#### Provided data:
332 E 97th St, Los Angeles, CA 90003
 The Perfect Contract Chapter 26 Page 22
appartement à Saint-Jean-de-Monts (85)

#### Directions:
Transcribe the entire listing. Leave every word as it is.

#### Exercise output:
332 E 97th St, Los Angeles, CA 90003
 The Perfect Contract Chapter 26 Page 22
appartement à Saint-Jean-de-Monts (85)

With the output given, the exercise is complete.